Anyway, hope the government sites I cited will give you a good idea of the state of institutional and government for cultural development and the internet.

How do you see the role of a community artist in this context?

It would depend on the principles and practice of the community artist. There are many -- and sometimes conflicting -- interpretations of "community artist" in Australia.
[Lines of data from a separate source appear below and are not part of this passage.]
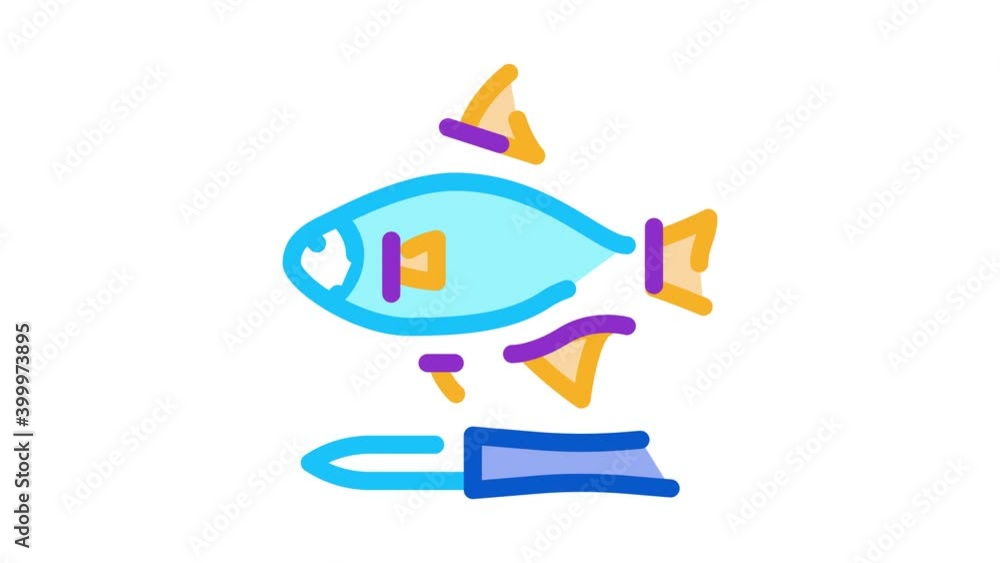 fish cut fin Icon Animation. color fish cut fin animated icon on white background fish cut fin Icon Animation. color fish cut fin animated icon on white background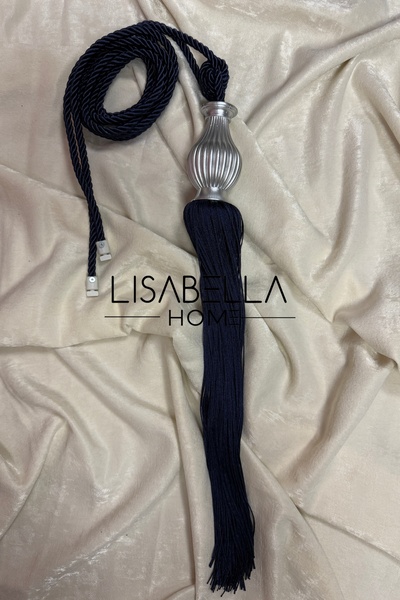 LisabellaHome Curtain Tieback, Curtain Tie, Curtain Holder and Broochol Navy ...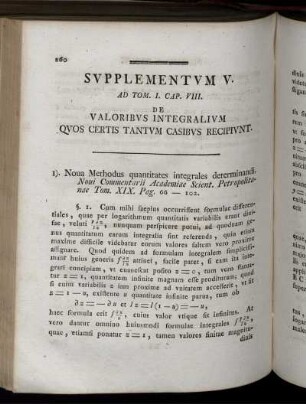 Supplementum V. Ad Tom. I. Cap.VIII. De valoribus integralium quos certis tantum casibus recipiunt.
Community artists of different persuasions, however, are eligible for support from various institutions; one will just need to approach the relevant institution depending on the nature of the project.
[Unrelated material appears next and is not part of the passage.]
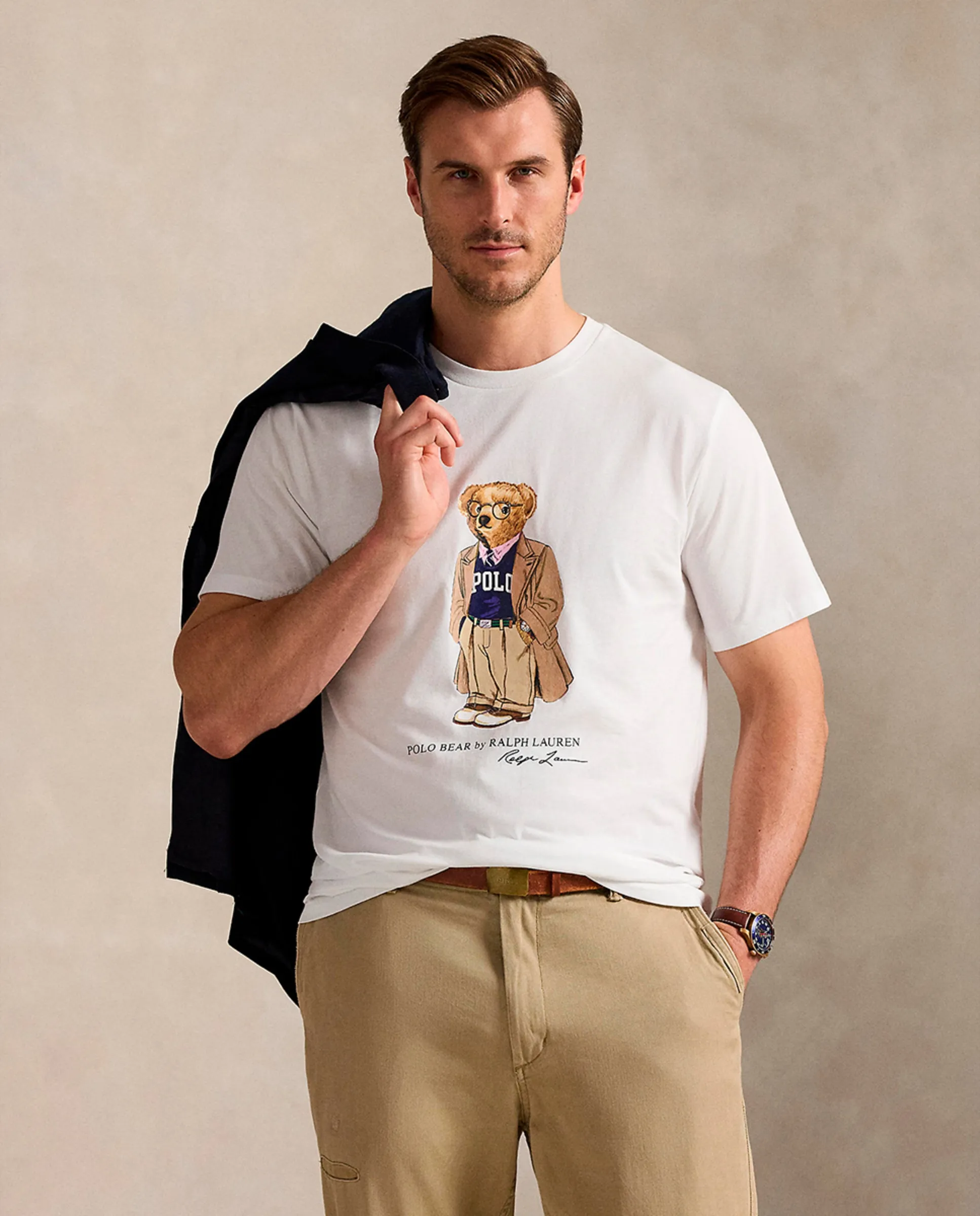 

Футболка мужская с медведем Polo больших размеров Polo Ralph Lauren, белый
For community artists who do not necessarily rely on government funding to do things -- and this includes what I describe as endogenous or organic artists, or artists who belong to communities where art/culture is built -- then institutional funding may not secondary, if at all a significant consideration in their work.

With the push to corporatisation, it may in fact be better to avoid institutional support for some community arts projects; this way community artists can avoid the pressures to conform to official standards of "professional" web sites or net art and concentrate on maximising Internet technologies for projects that are determined and which serve community interests.

At Kids' Own we work with professional artists in educational and community contexts. Often we find artists see these situations as 'gigs', external to their own practice and simply ways to make money. We find the best community or educational arts projects are where artists approach these situations as collaborations, and see the outcomes as part of their portfolio. In your experience, what defines quality community arts practice?

Quality community arts practice is about the democratisation of the means of cultural and artistic production. I know this betrays my Marxist heritage, but hey, I really believe in this vision. Community arts must be created, controlled, critiqued, supported, developed, etc. by communities where the arts live. I believe artists should be endogenous to the communities where art is made.

I wrote a paper on issues to do with notions of community and community arts for Artwork magazine; I have a PDF on another computer which I will send you later.

How do you feel new media, technology and the internet can effect good community arts practice?

I am most interested, at the moment, in the possibilities of cultural and arts development among virtual communities. This is a topic that I have been grappling with for some years now and will continue to grapple with in the coming years, I think.

I have a flash movie at http://bramilo.octa4.net.au/thinktank.swf about CCD and virtual communities that may be relevant in this regard.

I am also interested in using internet technologies for all sorts of dialogue and communication among community artists and communities, even if it not to make art or even if the dialogue is not about art. Dialogical processes inspire development of art, culture, and society, and Internet technologies can enhance these processes.